Evidence was heard from Kevin Mooney that on April 8 last, at about 7.40pm, he was at home in Key Court, New Building Lane, with his partner and 15-week-old baby son.
Mr Mooney was upstairs in his bedroom when he heard someone walking around his house. First he thought it was his partner and took no notice, until his bedroom door opened and a man came in.
Mr Mooney called out to the man who ran away. Mr Mooney ran after the man, following him out of the house and onto New Building Lane where he saw the man go in the direction of High Street. Mr Mooney then went back into the house to check on his partner and child.
Mr Mooney said he saw the hood and jacket the man was wearing but did not see his face.
The gardaí were called.
Mr Mooney said he always keeps his front door locked but on this day he and his partner were going in and out doing some work in the yard.
He said he was not aware of anything missing from the house after the incident.
CCTV from three sources was also shown in court - garda cameras, Kilkenny County Council cameras and cameras located at the Good Shepherd Centre.
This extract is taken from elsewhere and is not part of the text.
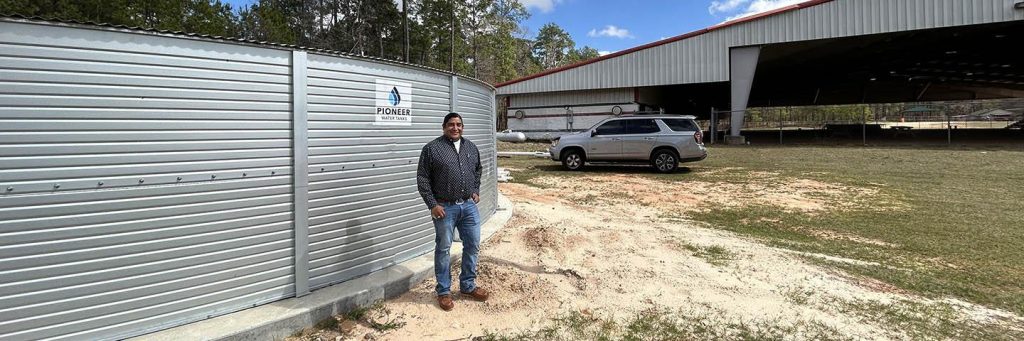 Elliot Abbey, Deputy Tribal Administrator for Community Development, helped oversee the installation of the 65,000-gallon storage tank which holds rainwater harvested from the adjacent Veteran’s Pavillion. (Photo: USDA Natural Resources Conservation Service)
Judge Daly was shown footage of a man identified as the defendant walking into the courtyard of Key Court then, some minutes later, running out the gate pursued by Mr Mooney.
Evidence about the investigation and sourcing of the CCTV footage was given in court by Garda Michael Ryan from the telecommunication section of the Kilkenny-Carlow Garda Division; Finbar Hourigan, a social care worker and the data protection officer at the Good Shepherd Centre; and Steven Coverdale from Kilkenny County Council.
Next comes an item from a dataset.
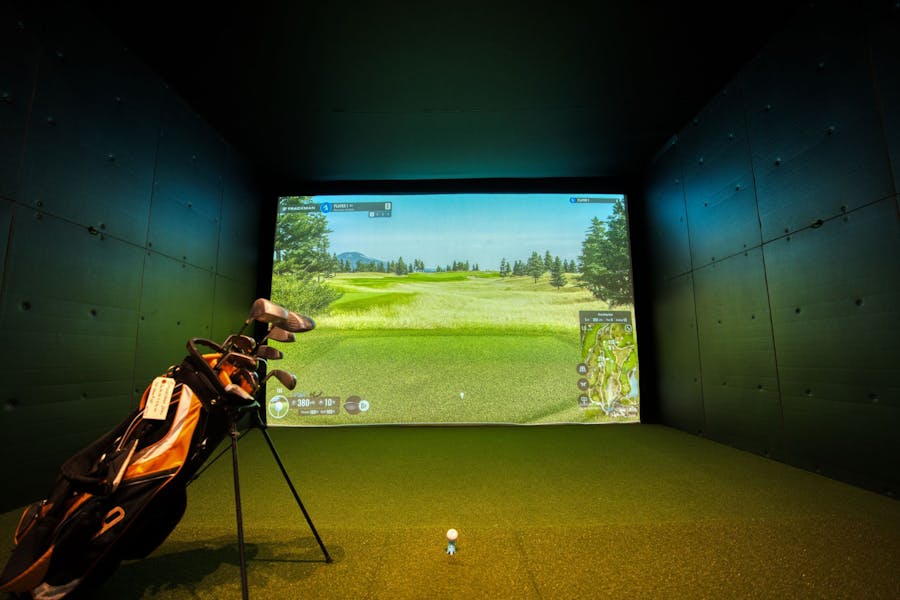 Home golf simulator setup featuring a large projection screen displaying a golf course, with a golf bag and clubs positioned on green turf in front of the screen.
Garda David Carthy investigated the burglary and told the court that he attended Mr Mooney’s home on the evening of the incident. He then made CCTV enquiries and viewed the garda footage of the area. A garda with him identified the defendant. Some days later a second garda viewed the CCTV and also identified the defendant.
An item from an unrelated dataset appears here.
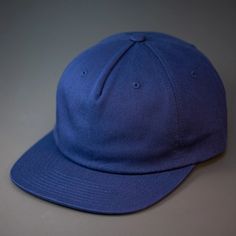 An Unstructured, 100% Premium Cotton, Blank Pinch Front Hat With a Premium Leather Back Strap & Brass Clasp. One of our teams favorite pieces, this unassuming, unstructured pinch front 5 panel is one for the ages. Constructed from a sturdy, medium weight, 100% Cotton base and finished with a premium leather strap & Brass Clasp. We designed the ROAM Strapback for the adventurer in all of us. Custom Roam Strapback Hat in Navy | Cotton | Apparel | Headwear | Baseball Caps Solid Color Snapback Hat With Flat Bill For Streetwear, Solid Color Snapback Fitted Hat For Streetwear, Cotton Snapback Trucker Hat, Adjustable Six-panel Snapback Hat For Baseball Season, Adjustable Six-panel Snapback For Baseball Season, Cotton Flat Brim Dad Hat For Sports, Flat Brim Cotton Dad Hat For Sports, Classic Snapback Baseball Cap For Sports Events, Solid Cotton Snapback Hat For Streetwear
The next day Garda Carthy obtained a search warrant for Mr Barry’s residence at the Good Shepherd Centre, where he was residing at the time. Nothing of evidential value was found.
Garda Dunning told the court he arrested Mr Barry on April 11. He was searched and a substance in tin foil was found. He admitted it was heroin.
CCTV footage was shown to Mr Barry and he denied that he was the male on the CCTV. He also denied that he was the male seen running from the scene on the CCTV.
Peter Fanning also gave evidence in the case. He said that on the date in question he was walking from High Street to Parliament Street when he saw Ger Barry run very quickly down High Street. “I know Ger Barry from being a security guard for 15 years,” he said.
Garda James McGuill said that on the date of the incident he was the driver of the garda patrol call.
“At 20.10 we got a call about a burglary on New Building Lane from the injured party who reported that a male had entered his home and had ran off when he met the injured party in an upstairs bedroom.”
Garda McGuill gave evidence that he was approached by Peter Fanning who said that he had seen Ger Barry running at speed down High Street.
Garda Aidan Fitzpatrick, who has been stationed at Kilkenny Garda Station for the past 19 years and knows Ger Barry said that he was asked to look at the garda CCTV.
“I viewed it and I saw Ger Barry enter into Key Court.”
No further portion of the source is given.